■ **YOUR TASK**: Dropping every picture, set down exactly the lines in the entries below, starting with the line with "Original printed advert" and going on through the line with "Abbildung von Habitdesign".

■ **SUPPLIED MATERIAL**:
::::

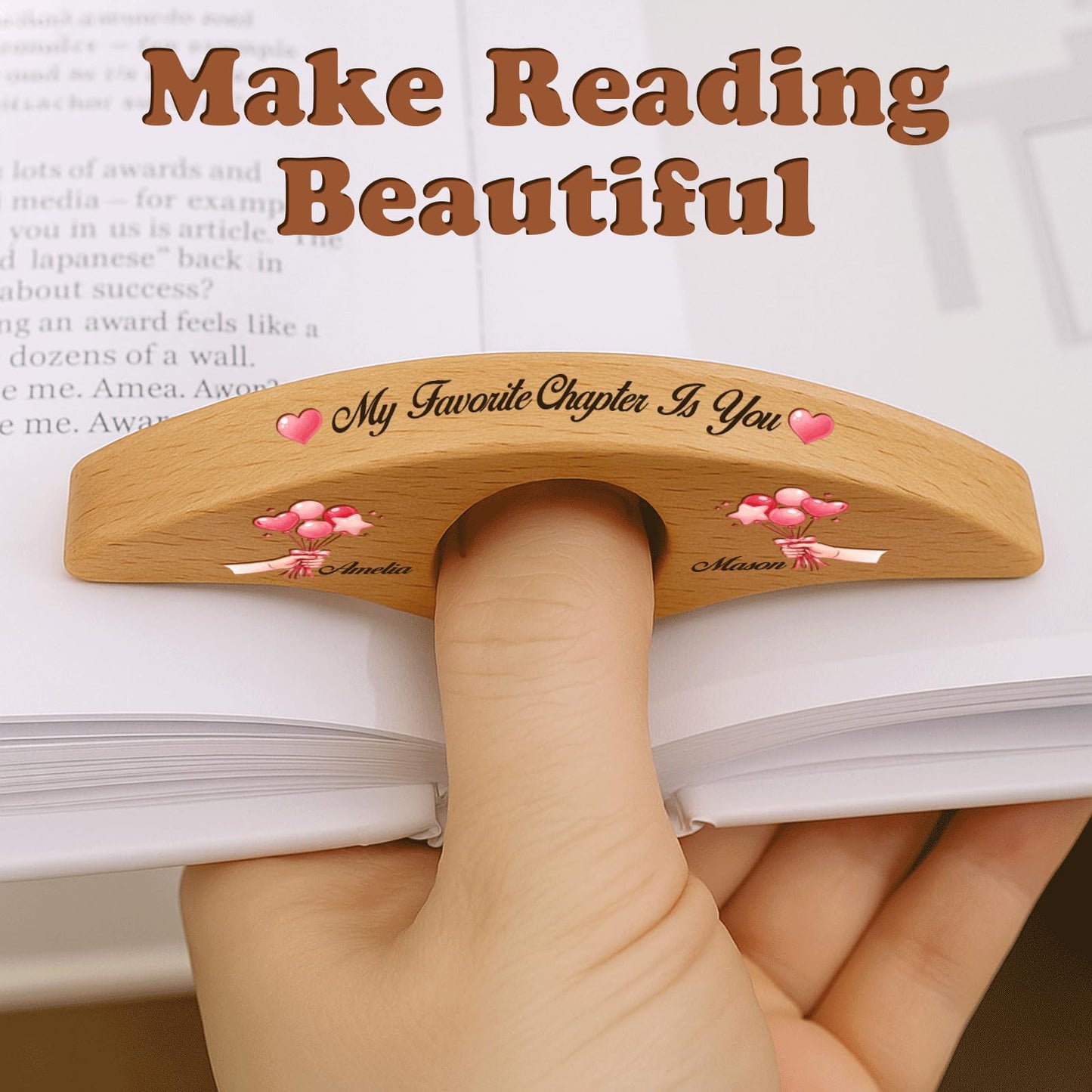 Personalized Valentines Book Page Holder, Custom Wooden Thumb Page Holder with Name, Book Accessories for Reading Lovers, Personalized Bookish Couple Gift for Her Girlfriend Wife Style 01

::::

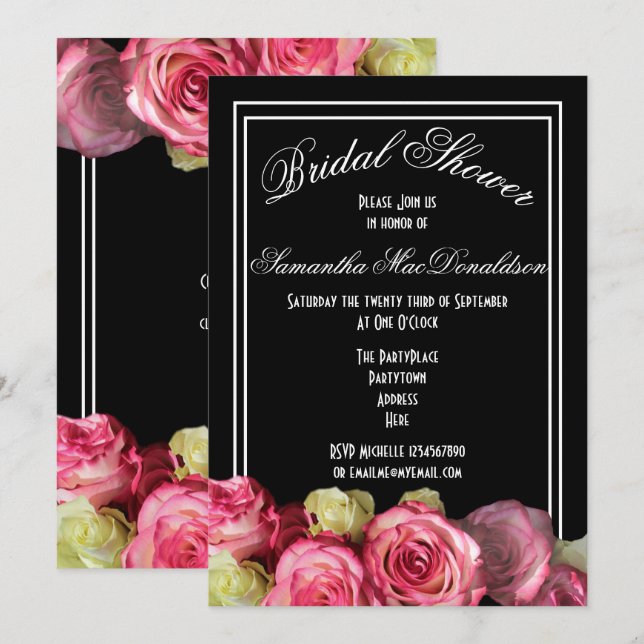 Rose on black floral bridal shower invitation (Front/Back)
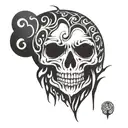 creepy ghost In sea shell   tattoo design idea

::::

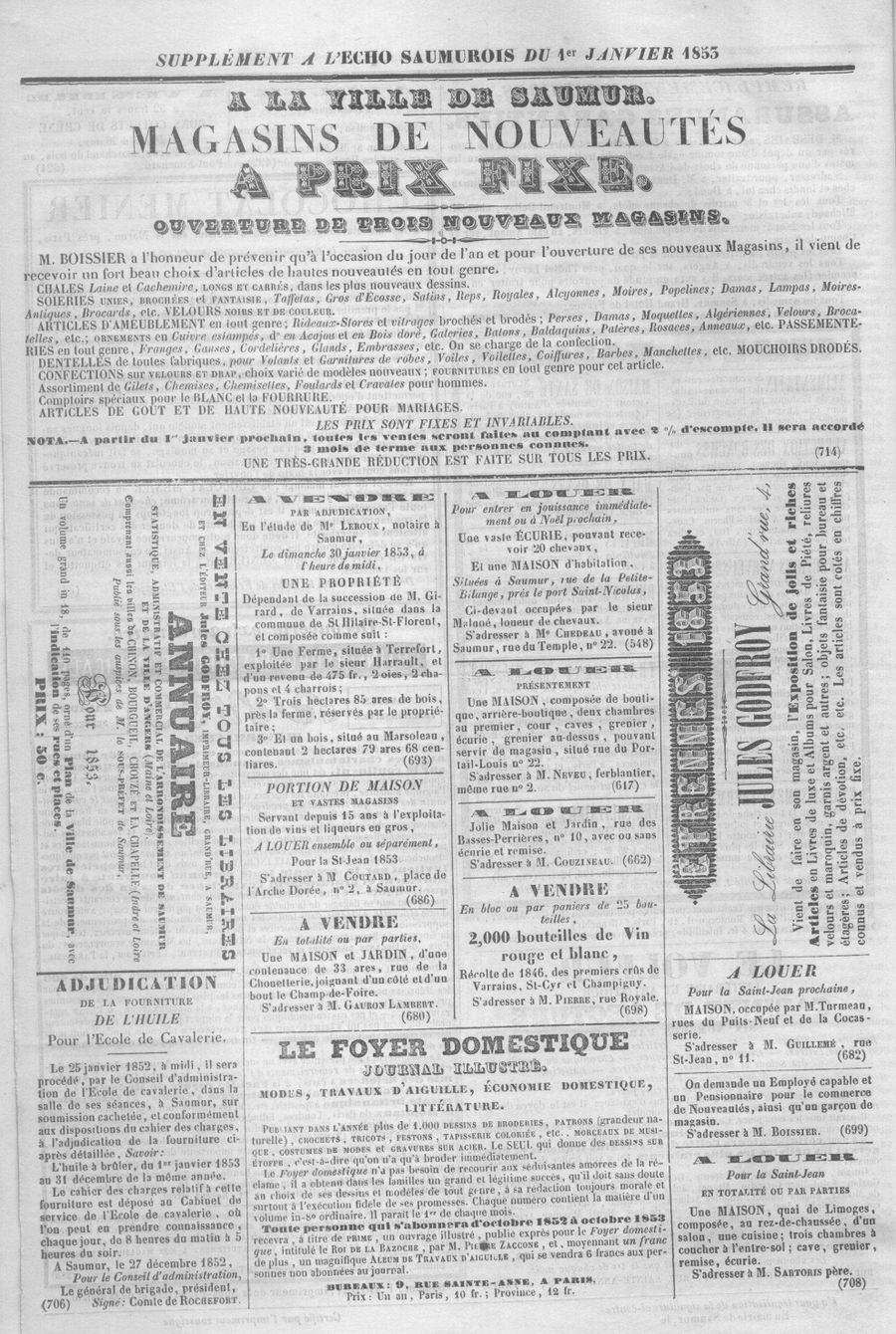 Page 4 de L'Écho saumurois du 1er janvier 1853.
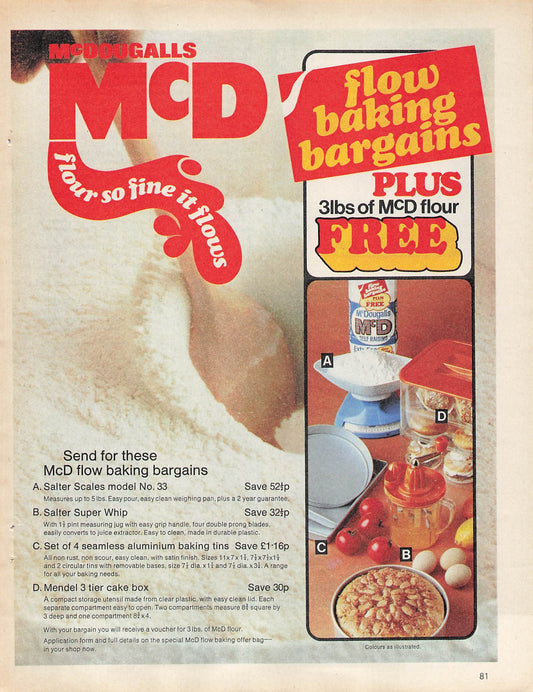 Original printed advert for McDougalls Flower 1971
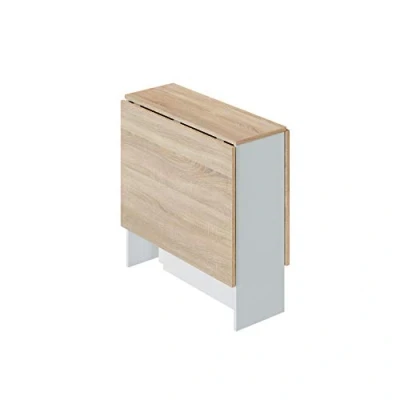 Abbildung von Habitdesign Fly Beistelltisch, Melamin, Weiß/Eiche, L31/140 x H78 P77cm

::::

■ **ANSWER TO THIS PROBLEM**:
 Original printed advert for McDougalls Flower 1971
 Abbildung von Habitdesign Fly Beistelltisch, Melamin, Weiß/Eiche, L31/140 x H78 P77cm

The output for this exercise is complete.